EXERCISE OBJECTIVE
Beginning with the line containing "Superior Double or", transcribe every line exactly down to the last one in the records below, and drop the pictures.

Items from a data source:
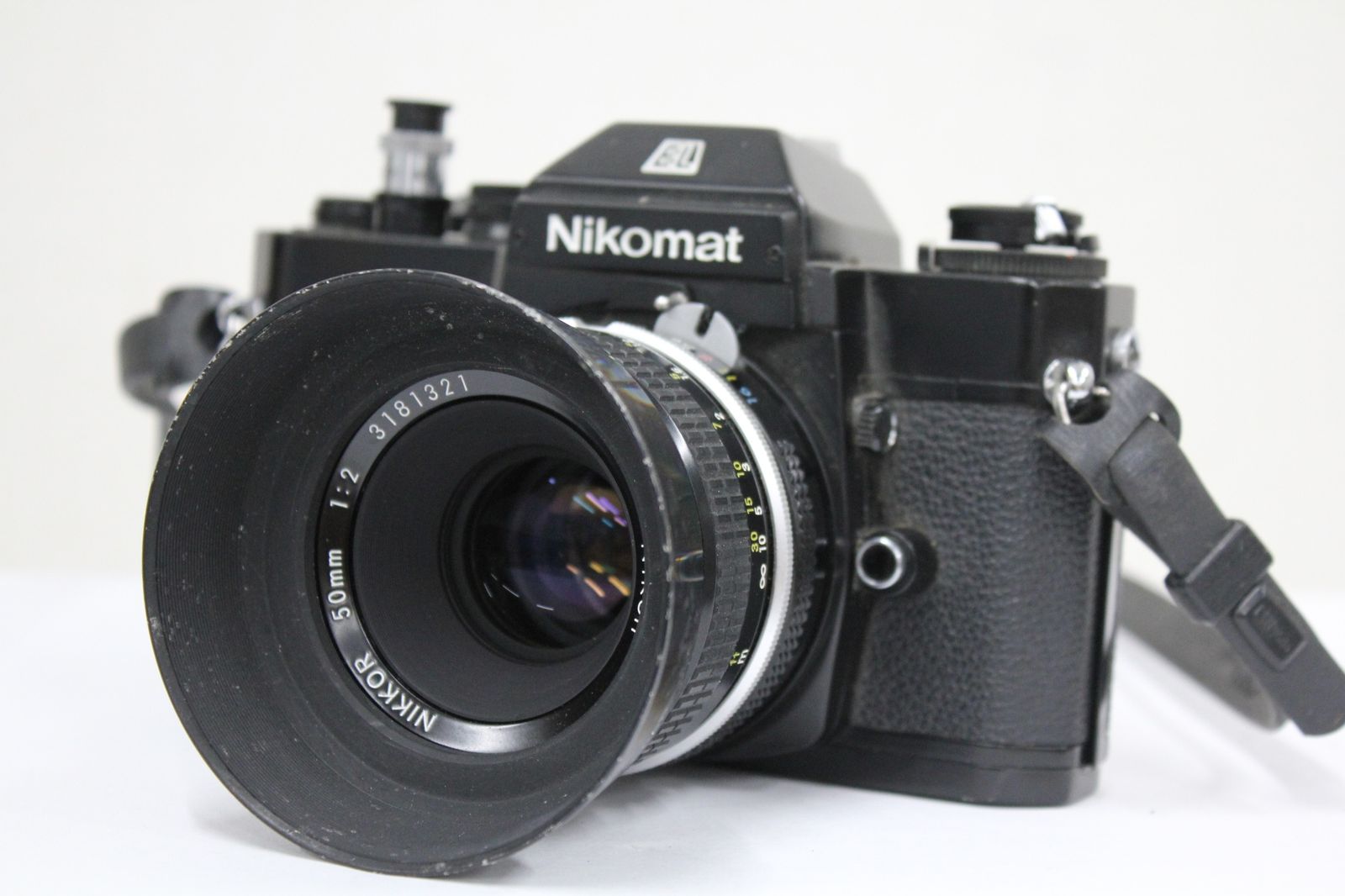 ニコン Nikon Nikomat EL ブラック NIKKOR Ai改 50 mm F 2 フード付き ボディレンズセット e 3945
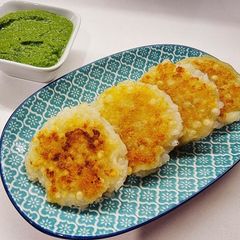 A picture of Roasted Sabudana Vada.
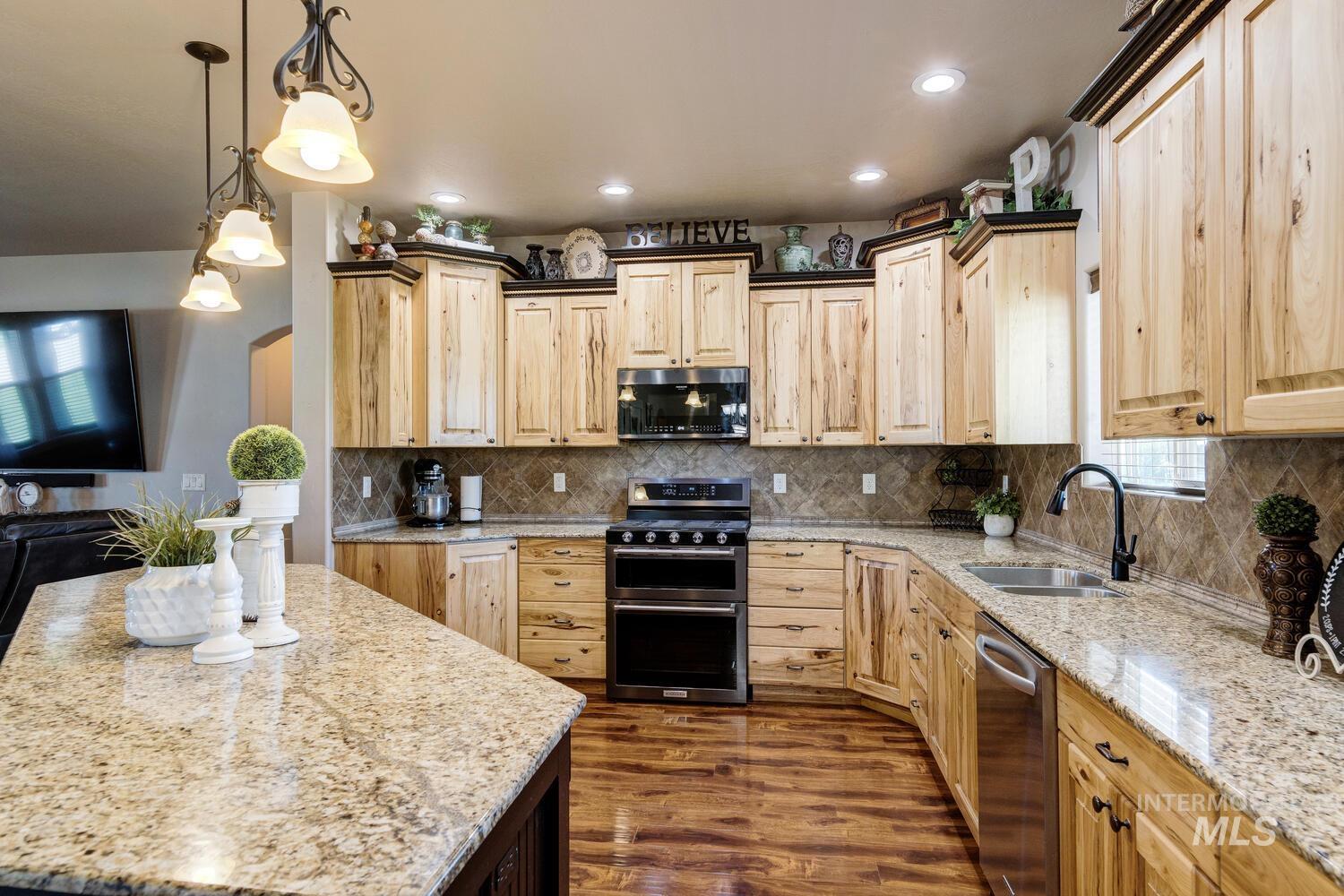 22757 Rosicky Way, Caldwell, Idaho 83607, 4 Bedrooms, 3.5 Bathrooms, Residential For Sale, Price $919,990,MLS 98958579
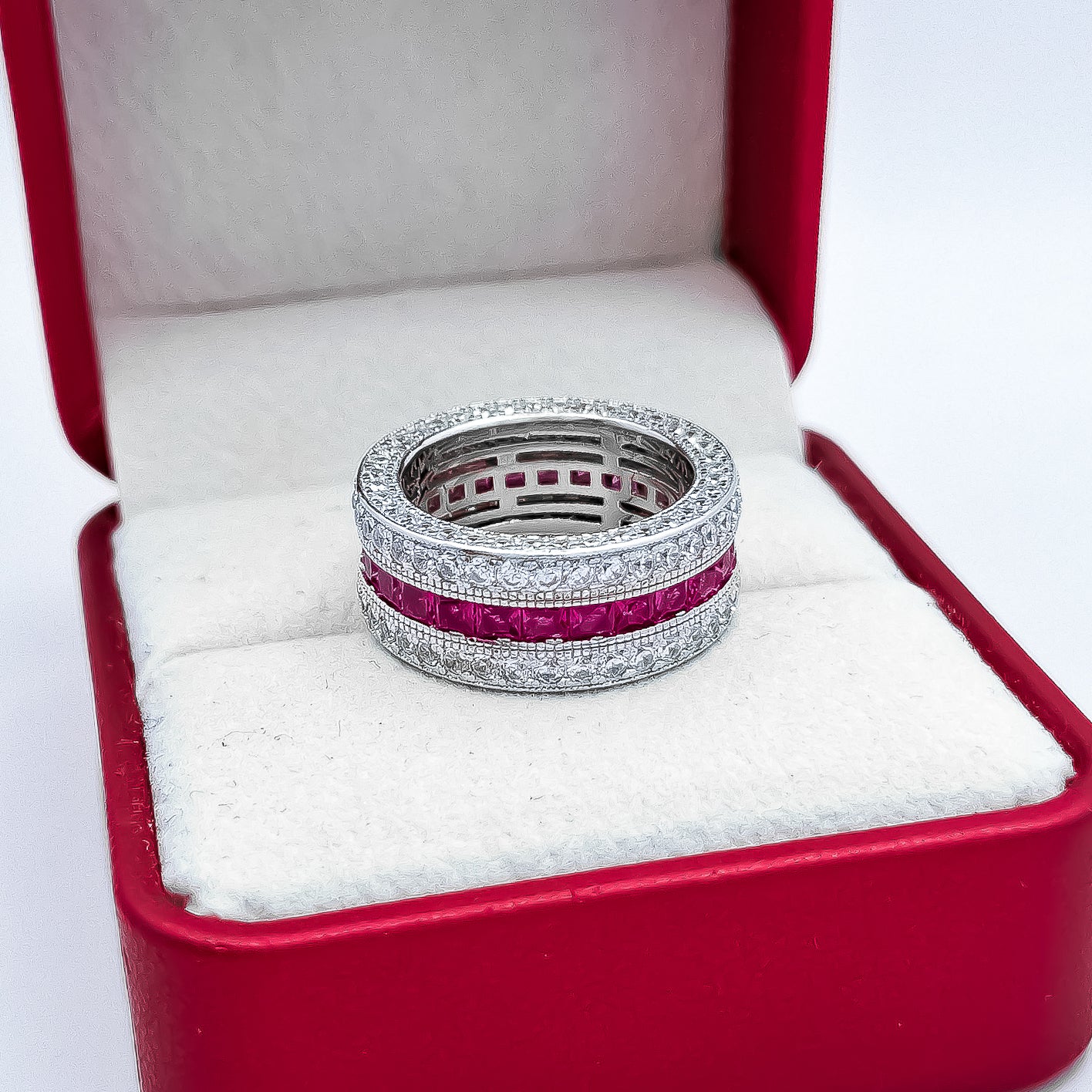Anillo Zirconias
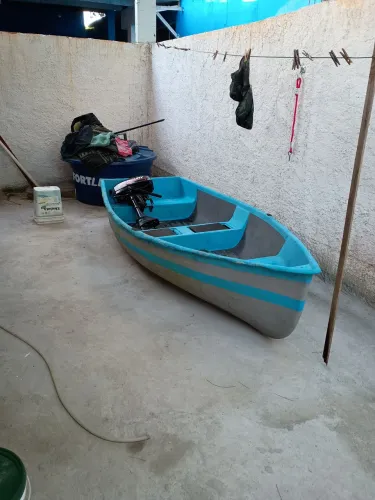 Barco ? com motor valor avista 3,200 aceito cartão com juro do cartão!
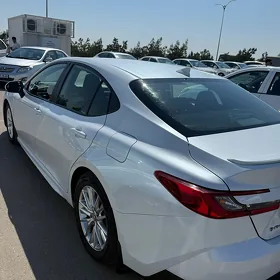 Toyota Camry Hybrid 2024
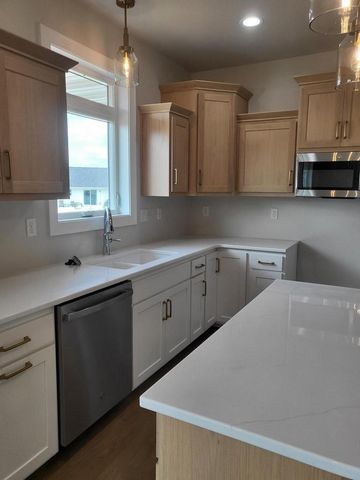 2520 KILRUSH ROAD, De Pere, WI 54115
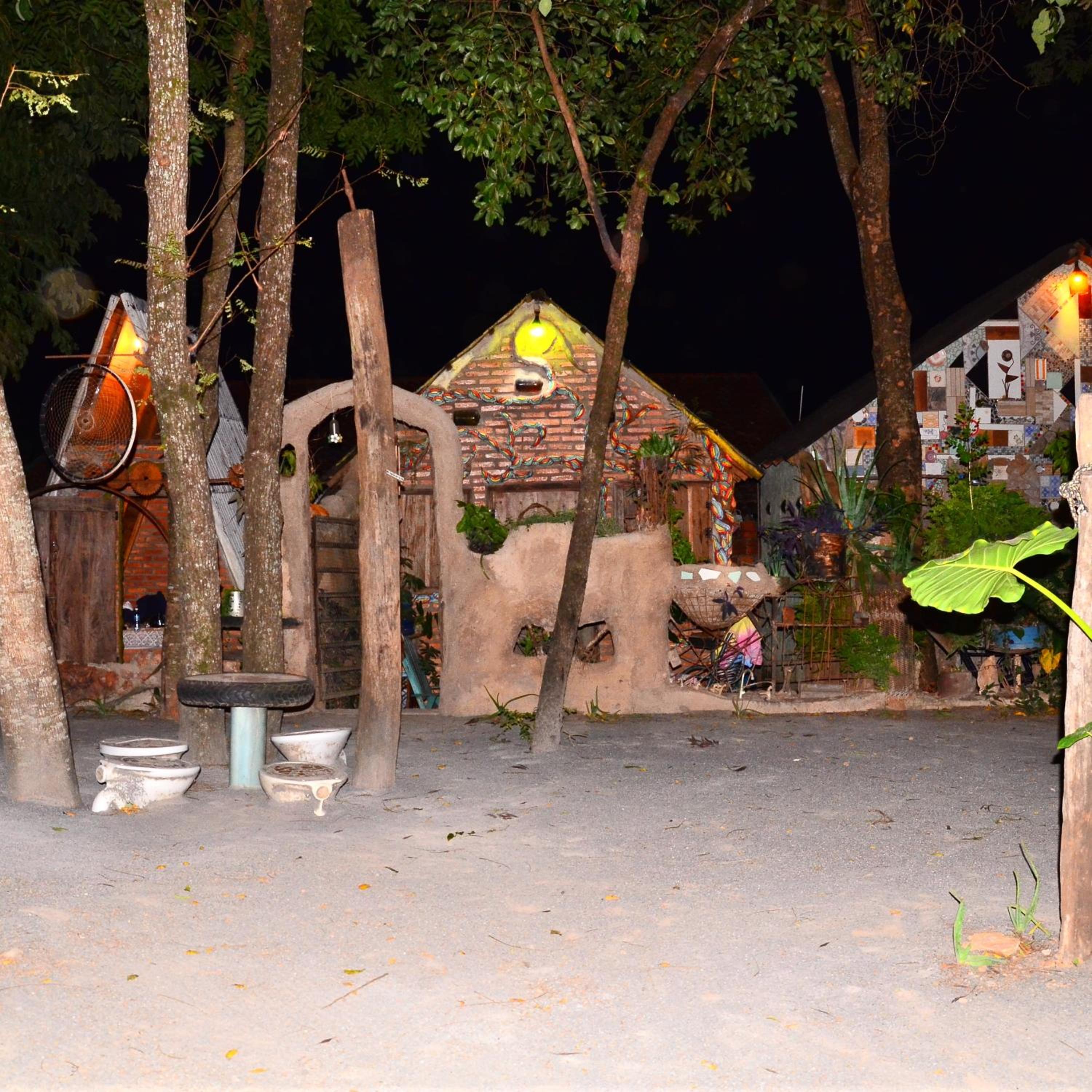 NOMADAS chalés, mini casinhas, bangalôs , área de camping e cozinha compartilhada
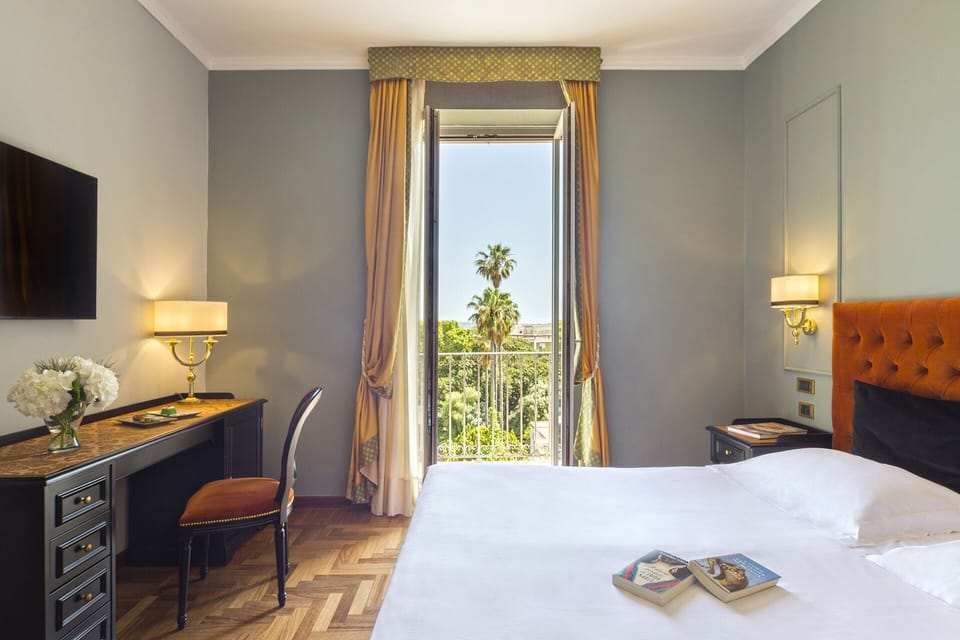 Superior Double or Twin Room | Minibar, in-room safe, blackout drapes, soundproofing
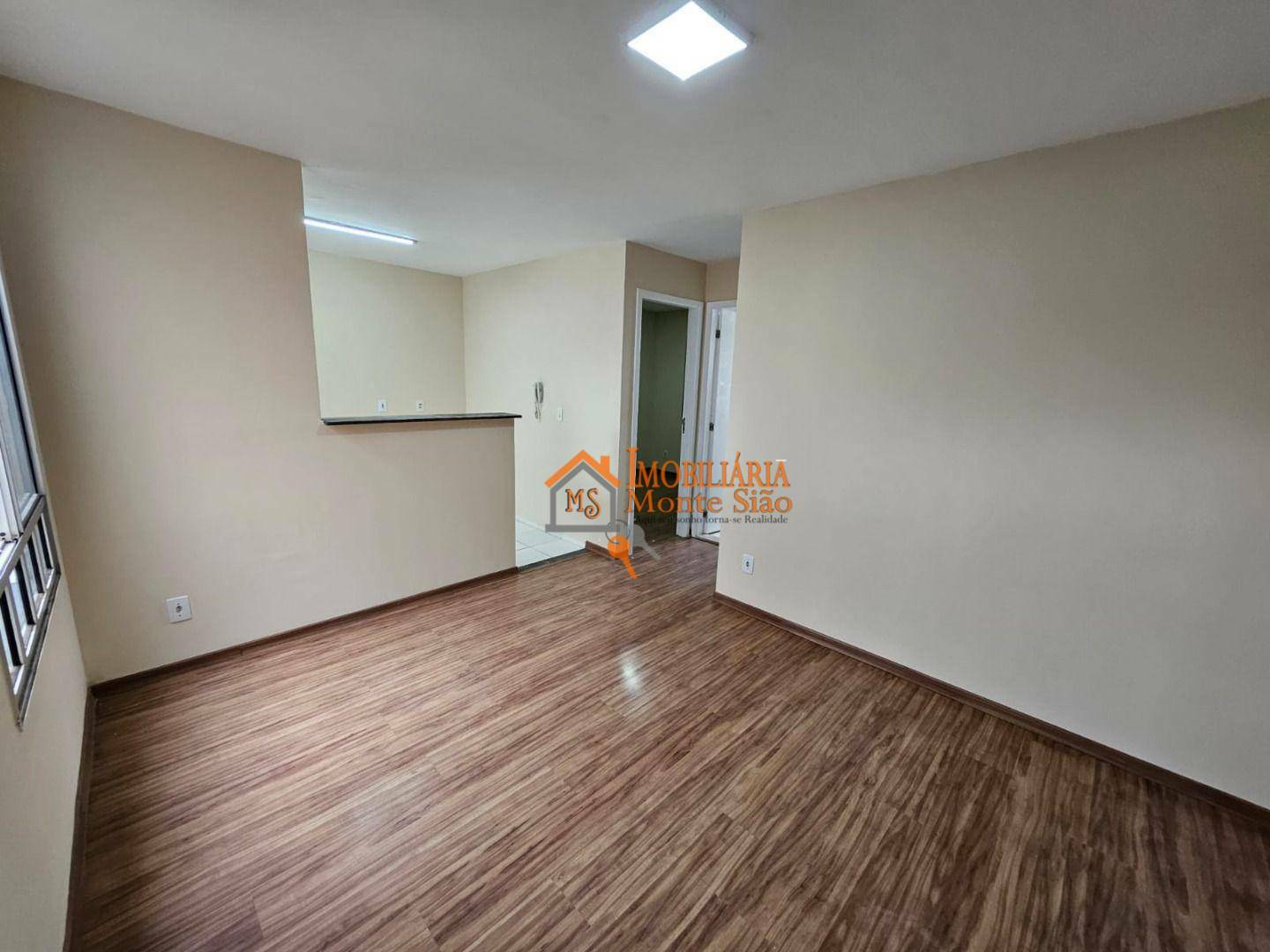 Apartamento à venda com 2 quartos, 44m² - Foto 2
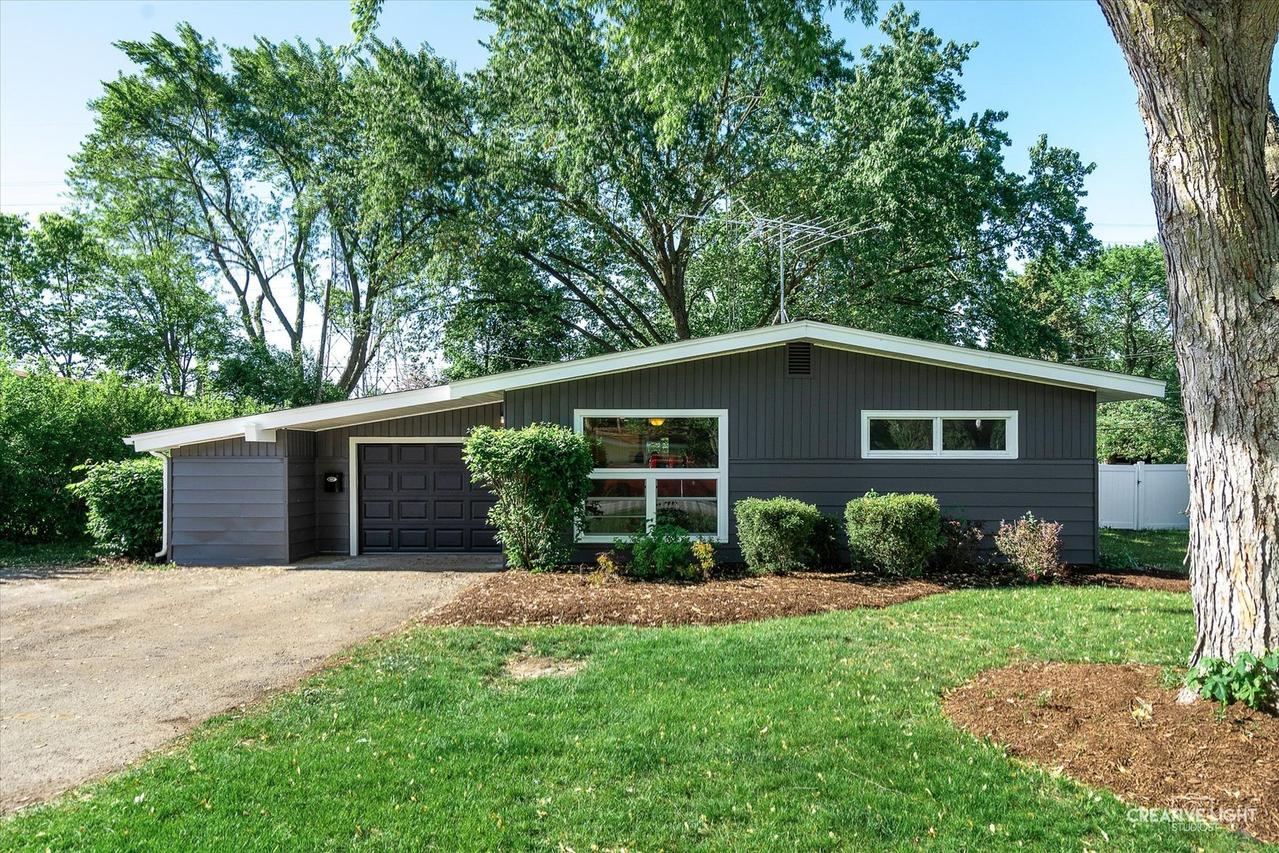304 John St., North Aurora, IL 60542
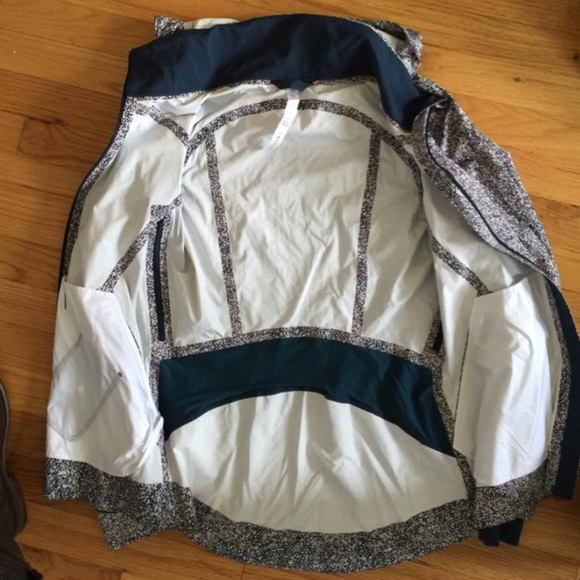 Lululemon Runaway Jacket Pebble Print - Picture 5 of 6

OUTPUT FOR THIS TASK
 Superior Double or Twin Room | Minibar, in-room safe, blackout drapes, soundproofing
 Apartamento à venda com 2 quartos, 44m² - Foto 2
304 John St., North Aurora, IL 60542
 Lululemon Runaway Jacket Pebble Print - Picture 5 of 6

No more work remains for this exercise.